US4977382AExpiredUtility
Vector modulator phase shifter
Est. expiryAug 23, 2008(expired)· nominal 20-yr term from priority
H01P 1/185
77
PatentIndex Score
25
Cited by
15
References
24
Claims
Abstract
A monolithic microwave integrated circuit (MMIC) phase shifter is implemented in push-pull configuration with the quadrant selection and vector modulation functions combined. These functions are provided by four sets of adjustable gate-width dual-gate FETs and a pair of lumped element filter networks with a relative differential phase shift of 90°.
Claims
exact text as granted — not AI-modifiedWe claim:
1. A phase shifter for shifting the phase of an input signal by a predetermined amount comprising: first level adjusting means coupled to receive the input signal and responsive to a first control signal for adjusting the level of the input signal by a first predetermined amount determined by the first control signal; second level adjusting means coupled to receive the input signal and responsive to a second control signal for adjusting the level of the input signal by a second predetermined amount determined by the second control signal; means coupled to said second level adjusting means for receiving the associated level-adjusted signal and shifting the phase of the associated level-adjusted signal by 90°; control means for generating the first and second control signals appropriate for producing the output signal with the predetermined phase when the signals are combined; and means for combining the input signal the level of which has been adjusted by said first level adjusting means with the 90°-phase shifted input signal the level of which has been adjusted by said second level adjusting means to produce an output signal the phase of which is shifted from the phase of the input signal by the predetermined amount.
2. A phase shifter according to claim 1 wherein each of said level adjusting means comprises field effect transistor (FET) means, and said control means generates, for each control signal, a biasing signal for biasing the D.C. level of the signal input to each of said FET means, and an actuating signal which when applied with the biasing signal to said FET means selectively turns on said FET means.
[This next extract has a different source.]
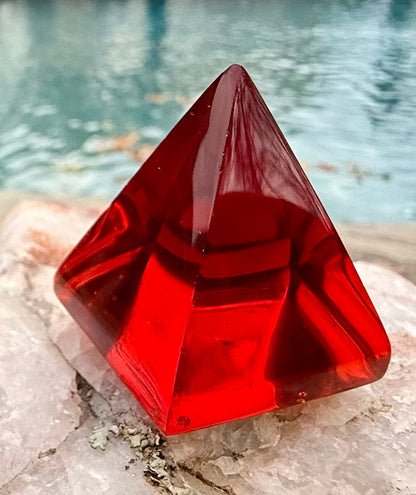 Primordial fire Authentic Andara Crystal Pyramid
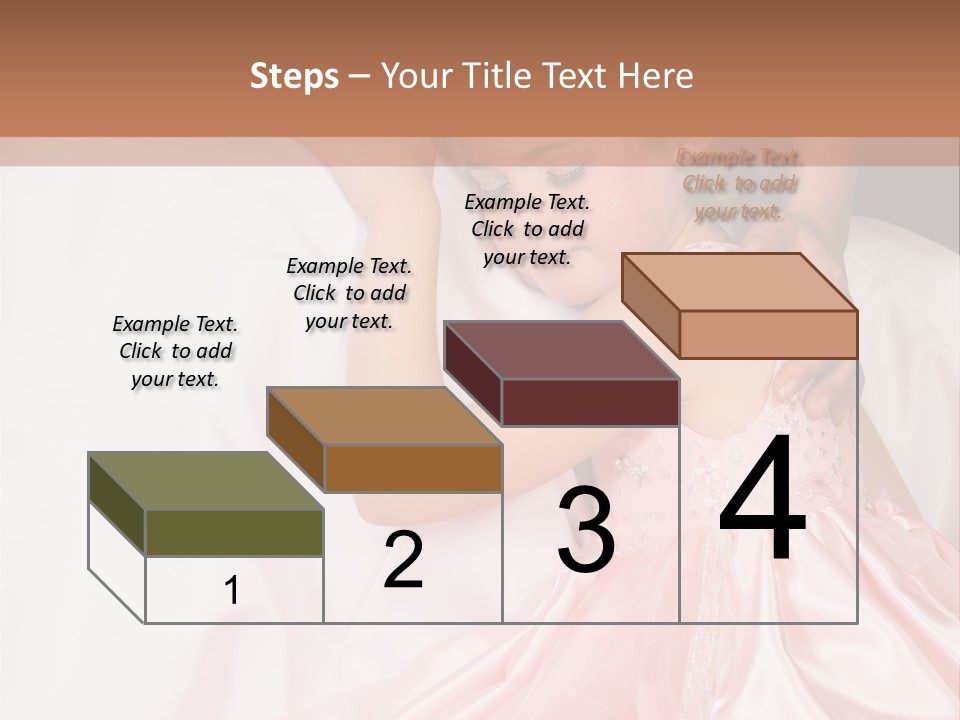 Blond Flower Girl Wearing A Pink Dress With Bead-Work PowerPoint Template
3. A phase shifter for shifting the phase of an input signal by a predetermined amount comprising: first level adjusting means coupled to receive the input signal and responsive to a first control signal for adjusting the level of the input signal by a first predetermined amount determined by the first control signal; means for shifting the phase of the input signal by 180°; second level adjusting means coupled to receive the 180°-phase shifted input signal and responsive to a second control signal for adjusting the level of the 180°-phase shifted input signal by a second predetermined amount determined by the second control signal; third level adjusting means coupled to receive the input signal and responsive to a third control signal for adjusting the level of the input signal by a third predetermined amount determined by the third control signal; fourth level adjusting means coupled to receive the 180°-phase shifted input signal and responsive to a fourth control signal for adjusting the level of the 180°-phase shifted input signal by a fourth predetermined amount determined by the fourth control signal; means coupled to said third level adjusting means and said fourth level adjusting means for shifting the phases of the associated signals 90°; control means for generating the first, second, third and fourth control signals appropriate for producing the desired phase of the output signal when the signals are combined; and means for combining the input signals the levels of which have been adjusted by said first and second level adjusting means with the 90°-phase shifted input signals, the levels of which have been adjusted by said third and fourth level adjusting means, to produce an output signal the phase of which is shifted from the phase of the input signal by the predetermined amount.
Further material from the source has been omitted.